Huygens’ Metasurfaces

Metasurfaces are slabs of subwavelength thickness containing subwavelength in-plane features (meta-atoms) that are used to realize a desirable functionality by local modification of the interaction between the slab and incident electromagnetic fields. Due to the subwavelength thickness, this interaction can be well modelled by equivalent surface boundary conditions, dictated by the metasurface implementation.

In recent years, such structures have attracted significant attention due to their potential to provide excellent control on properties of transmitted or reflected fields, such as directivity, polarization and orbital angular momentum, with low-profile conformal devices. The recently proposed concept of Huygens metasurfaces (HMS) utilizes collocated orthogonal electric and magnetic polarizable elements, which, in principle, can generate arbitrary field distributions for a given incident field, following the equivalence principle.

For detailed information on Huygens’ metasurfaces, how to properly design them, and their potential applications, please refer to our invited review.

Passive lossless Huygens’ metasurfaces excited by localized sources

The first Huygens’ metasurfaces (HMS) were designed to be excited by an incident beam or plane-wave. However, for many practical scenarios, excitation with a localized source (e.g. a line source or a dipole) is highly desirable. Another challenge for HMS synthesis is that utilization of the equivalence principle naively usually yields HMS designs with lossy or active components, manifested as real parts of the surface electric and magnetic impedance functions.

We have addressed these two issues in our report, where we have systematically formulated a semianalytical design procedure for Huygens’ metasurfaces converting arbitrary source fields to directive radiation. Our derivation reveals that two physical conditions are sufficient to ensure passive and lossless design: local power conservation across the metasurface, and local equalization of the wave-impedance on its two facets. The former requirement means that the transmitted field magnitude follows the incident field profile, while the latter indicates that Fresnel reflection dictates the nature of the reflected fields.

 The derivation is made general by expressing the fields via their plane-wave spectrum, and thus is applicable to any excitation configuration which is transversely uniform (e.g., any arrangement of sources in stratified media). This enables engineering the source illumination of the HMS such that a rather uniform virtual aperture is formed, yielding high directivity.

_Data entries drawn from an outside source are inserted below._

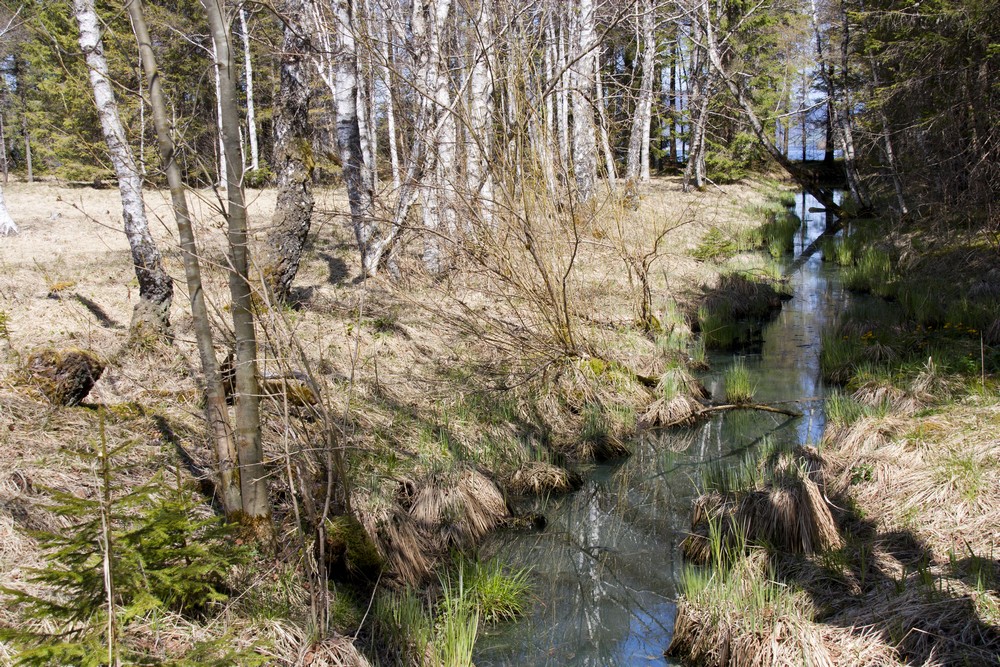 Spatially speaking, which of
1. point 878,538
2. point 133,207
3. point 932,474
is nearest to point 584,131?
point 133,207

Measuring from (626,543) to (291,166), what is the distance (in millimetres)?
5385

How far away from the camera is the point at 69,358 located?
5297mm

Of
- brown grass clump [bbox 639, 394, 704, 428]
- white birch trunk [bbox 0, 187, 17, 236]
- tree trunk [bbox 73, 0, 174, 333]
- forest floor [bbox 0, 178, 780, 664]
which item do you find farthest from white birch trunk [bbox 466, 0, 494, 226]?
white birch trunk [bbox 0, 187, 17, 236]

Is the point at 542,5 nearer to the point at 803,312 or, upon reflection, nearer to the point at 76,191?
the point at 803,312

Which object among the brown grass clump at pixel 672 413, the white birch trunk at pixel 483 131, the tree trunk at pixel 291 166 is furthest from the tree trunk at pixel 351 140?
the brown grass clump at pixel 672 413

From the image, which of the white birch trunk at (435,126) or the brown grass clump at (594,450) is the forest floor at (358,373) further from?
the white birch trunk at (435,126)

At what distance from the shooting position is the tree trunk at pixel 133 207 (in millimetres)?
6512

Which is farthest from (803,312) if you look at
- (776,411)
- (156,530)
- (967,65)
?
(156,530)

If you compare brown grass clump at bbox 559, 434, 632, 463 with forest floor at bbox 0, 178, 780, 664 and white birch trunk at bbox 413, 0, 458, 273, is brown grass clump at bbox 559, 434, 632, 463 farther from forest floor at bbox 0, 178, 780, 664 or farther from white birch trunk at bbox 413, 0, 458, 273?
white birch trunk at bbox 413, 0, 458, 273

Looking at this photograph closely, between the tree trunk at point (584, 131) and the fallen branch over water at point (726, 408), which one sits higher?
the tree trunk at point (584, 131)

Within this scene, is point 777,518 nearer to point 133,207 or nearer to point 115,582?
point 115,582

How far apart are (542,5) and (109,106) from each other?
13.1ft

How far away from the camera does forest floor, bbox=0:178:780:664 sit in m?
4.05

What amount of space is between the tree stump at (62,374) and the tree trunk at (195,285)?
1.77 m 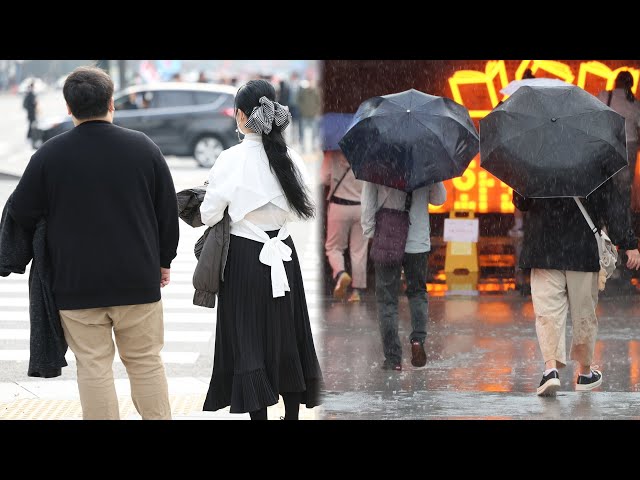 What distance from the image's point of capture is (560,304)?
6.66m

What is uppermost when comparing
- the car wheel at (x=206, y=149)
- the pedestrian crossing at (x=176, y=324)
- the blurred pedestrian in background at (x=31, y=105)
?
the blurred pedestrian in background at (x=31, y=105)

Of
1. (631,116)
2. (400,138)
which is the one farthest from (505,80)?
(400,138)

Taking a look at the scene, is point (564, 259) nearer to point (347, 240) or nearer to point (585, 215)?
point (585, 215)

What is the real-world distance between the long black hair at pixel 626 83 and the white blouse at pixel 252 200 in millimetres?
6211

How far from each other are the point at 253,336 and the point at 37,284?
1.13 m

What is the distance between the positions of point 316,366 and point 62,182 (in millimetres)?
1693

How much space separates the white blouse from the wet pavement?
1392 millimetres

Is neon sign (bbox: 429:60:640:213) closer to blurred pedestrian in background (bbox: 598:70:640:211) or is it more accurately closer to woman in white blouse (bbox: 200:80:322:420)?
blurred pedestrian in background (bbox: 598:70:640:211)

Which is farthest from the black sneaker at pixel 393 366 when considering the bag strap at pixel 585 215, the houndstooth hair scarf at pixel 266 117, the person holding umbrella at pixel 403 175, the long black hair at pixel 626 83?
the long black hair at pixel 626 83

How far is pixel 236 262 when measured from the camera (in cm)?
535

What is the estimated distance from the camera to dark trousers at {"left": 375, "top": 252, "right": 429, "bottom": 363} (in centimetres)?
748

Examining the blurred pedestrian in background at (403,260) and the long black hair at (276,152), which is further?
the blurred pedestrian in background at (403,260)

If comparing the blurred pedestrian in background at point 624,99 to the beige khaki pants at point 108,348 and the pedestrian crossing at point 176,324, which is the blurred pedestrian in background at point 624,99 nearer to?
the pedestrian crossing at point 176,324

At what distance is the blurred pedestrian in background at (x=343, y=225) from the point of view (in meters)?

Floquet-Bloch analysis of refracting Huygens’ metasurfaces

Huygens’ metasurfaces (HMS) are designed via the equivalence principle to implement a given field transformation. In other words, for a given incident, reflected, and transmitted fields, the suitable electric and magnetic surface impedance to support the field discontinuity are derived and realized to achieve the desirable functionality. Although the metasurface is designed for a certain source field in mind, it was found experimentally that it continues to function well even when the excitation deviates from the designated one.

We have set out to investigate this observation in a rigorous manner, for the most basic beam-forming Huygens’ metasurfaces, namely, the ones which implement engineered refraction. Such metasurfaces refract a plane wave incident at a given input angle θin towards a desirable output angle θout, and are characterized with a periodic electric surface impedance and magnetic surface admittance which follow a cotangent modulation. By conducting a rigorous Floquet-Bloch analysis of this structure, we have derived closed-form analytical expressions for the reflected and transmitted fields for arbitrary plane-wave excitation (not necessarily the designated one). These expressions revealed that the scattering off a refracting HMS can be associated with an intriguing ray-optical model, in the frame of which the metasurface can be replaced by a virtual (zero-thickness) region in which waves can only propagate at a single angle θout. Incident plane wave incouple to this virtual Fabry-Perot etalon following Fresnel formulas for reflection and transmission, and successively outcouple to higher-order Floquet-Bloch modes.

These observations have two important implications. First, they show that for the designated excitation, only two Floquet-Bloch modes are populated, corresponding to specular reflection and the desirable refraction, while all other modes completely vanish. Second, as the first outcoupling attempt is towards the desirable refraction mode, refraction is dominant over scattering to other directions even for large deviations from the designated angle of incidence (in consistency with previously obtained experimental evidence).

The closed-form expressions also enable the derivation of simple approximated formulas for the refraction efficiency as a function of the angle of incidence and its optimization, as well as incorporation of realistic implementation considerations into the theory. In addition, they allow formulation of ray-optical approach for synthesis and analysis of Huygens’ metasurfaces that can react to multiple excitations, leading to multifunctional devices such as switched-beam lens antennas.